March 13, 2012
Henry Holt and Co BFYR
Young Adult | Mystery
Rating: ★ 1/2
Author's Website | Goodreads
Amazon | Barnes & Noble | IndieBound
Gabie drives a Mini Cooper. She also works part time as a delivery girl at Pete’s Pizza. One night, Kayla—another delivery girl—goes missing. To her horror, Gabie learns that the supposed kidnapper had asked if the girl in the Mini Cooper was working that night. Gabie can’t move beyond the fact that Kayla’s fate was really meant for her, and she becomes obsessed with finding Kayla. She teams up with Drew, who also works at Pete’s. Together, they set out to prove that Kayla isn’t dead—and to find her before she is.
So, I didn’t like The Night She Disappeared. Which is such a shame because I was REALLY excited about it and I know some bloggers raved about it. To which I want to say: did we read the same book?
I am so sad about this. This book was, lightly put, annoying. I’m not sure if it’s supposed to be a thriller, because there was literally zero thrilling points, and a mystery, which fizzled down from page one until the very end.
There are SEVEN (7!) points of views for this book. SEVEN. You have Gabie and Drew, who have large parts of narrating, then you have Kayla and her kidnapper, who too, have more than a handful of chapters. All four of those people make a reappearance narrating chapter. Then there’s Gavin, who has one chapter, and he’s a diver, and that chapter has no significance of plot to me, and Todd and… some other kid. SEE. I can’t even remember his name, because a) he doesn’t come up again and b) he has no SIGNIFICANCE OF THE PLOT! Todd and the other kid were lumped together in a chapter, and they find the car and abandoned pizzas on the road. Le sigh. The latter three’s chapters are told in third person present tense which if you know, I hate. I hate it so much.

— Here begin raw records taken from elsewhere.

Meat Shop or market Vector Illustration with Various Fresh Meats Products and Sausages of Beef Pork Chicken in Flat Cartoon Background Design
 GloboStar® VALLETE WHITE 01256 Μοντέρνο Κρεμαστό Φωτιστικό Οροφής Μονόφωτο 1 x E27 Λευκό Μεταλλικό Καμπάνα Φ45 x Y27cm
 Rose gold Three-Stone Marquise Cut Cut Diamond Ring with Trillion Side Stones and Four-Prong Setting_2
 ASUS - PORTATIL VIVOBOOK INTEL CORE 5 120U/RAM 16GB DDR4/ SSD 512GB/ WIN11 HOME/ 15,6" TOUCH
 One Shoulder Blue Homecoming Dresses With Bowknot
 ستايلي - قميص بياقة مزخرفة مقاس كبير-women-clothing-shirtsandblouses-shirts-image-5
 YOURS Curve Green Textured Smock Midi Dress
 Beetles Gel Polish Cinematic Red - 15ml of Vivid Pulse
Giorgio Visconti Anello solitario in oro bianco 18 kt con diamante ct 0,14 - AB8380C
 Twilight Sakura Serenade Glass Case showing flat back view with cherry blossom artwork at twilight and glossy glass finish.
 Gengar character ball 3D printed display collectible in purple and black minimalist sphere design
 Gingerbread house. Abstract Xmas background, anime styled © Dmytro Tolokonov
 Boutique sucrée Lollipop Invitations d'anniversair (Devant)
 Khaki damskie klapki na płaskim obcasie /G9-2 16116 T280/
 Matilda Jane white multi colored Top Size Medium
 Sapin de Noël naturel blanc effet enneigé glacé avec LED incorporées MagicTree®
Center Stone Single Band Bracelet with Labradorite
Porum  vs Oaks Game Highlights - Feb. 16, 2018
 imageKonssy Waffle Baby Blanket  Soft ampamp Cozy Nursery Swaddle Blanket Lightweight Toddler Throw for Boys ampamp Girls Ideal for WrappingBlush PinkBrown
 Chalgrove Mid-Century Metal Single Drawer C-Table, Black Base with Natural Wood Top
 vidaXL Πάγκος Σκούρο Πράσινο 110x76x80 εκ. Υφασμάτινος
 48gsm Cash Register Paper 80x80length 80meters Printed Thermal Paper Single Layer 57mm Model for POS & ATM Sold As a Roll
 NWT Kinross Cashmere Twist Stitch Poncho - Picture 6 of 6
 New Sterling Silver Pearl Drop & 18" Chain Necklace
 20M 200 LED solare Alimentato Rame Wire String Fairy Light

But let’s get back to the POVs—SEVEN. DUDE. Seven! That is five too many. Maybe even six. God, I can’t even wrap my freaking head around it. The more people you have narrating, the less mystery and secrets you can have floating around the book. AND IT DOESN’T WORK TO HAVE SEVEN NARRATORS IN A MYSTERY. IT JUST DOESN’T. Not to mention, Gabie, Drew, and Kayla all sound the same; their chapters are written in first person present. I didn’t know who the frack was talking half of the time. It just doesn’t freaking work and I wanted to break my iPad.
Gabie and Drew have. No. freaking. Chemistry. Between them, and yet, AND YET, they kiss. The kiss multiple times. Gabie gets drunk and takes off Drew’s shirt, and then takes off her own. And still there is no chemistry. NONE. NONE! I hated Drew, honestly. He was annoying as a character, always kicking himself when he was down. And Gabie. Oh Lord, Gabie. On page 18, re: Kayla being kidnapped and that it wasn’t her
I'm suddenly glad for my dirty blond hair and my face that still breaks out even though I'm seventeen.
WHAT DOES THAT EVEN HAVE TO DO WITH ANYTHING. One, you are beautiful no matter what your hair color is! (because Gabie is commenting on Kayla’s gorgeous black hair) and two, THAT IS SO FREAKING INSULTING TO ME. *picks up blond hair* Plus, you’re seventeen. You’re a teenager who works in a pizza place. You’re going to freaking breakout. Uh, I break out and I’m way older than you. You breakout no matter how freaking old you are. It happens. It’s a way of life, get over yourself, Gabie. I don’t like you.
The plot… oh man, the plot. Do you know that April Henry based this book on a true story? Yup. It says so right here. The plot was fascinating—but I hated that a certain somebody killed themselves because everybody thought he kidnapped Kayla and killed her. I hated the cops. I hated the stupid psychic who was WRONG. I HATED HER. She babbles on and on about how she was right about this case, and in the end, she isn’t, she’s a liar, she needs to go to hell. But back to the actual plot; the kidnapper has no real motivation to take Kayla/Gabie. Just that Gabie is… perfect? The one for him? I don’t even.
The only thing that kept me reading was the hook—it sunk its claws into me and didn’t let go until I was finished. I read it in a day, all while snarking about it on Goodreads. I would advise skipping this one, but if you want a really good mystery, try Lisa and Laura Roecker’s The Liar Society or if you love science fiction, Beth Revis’ Across the Universe (and A Million Suns, book two).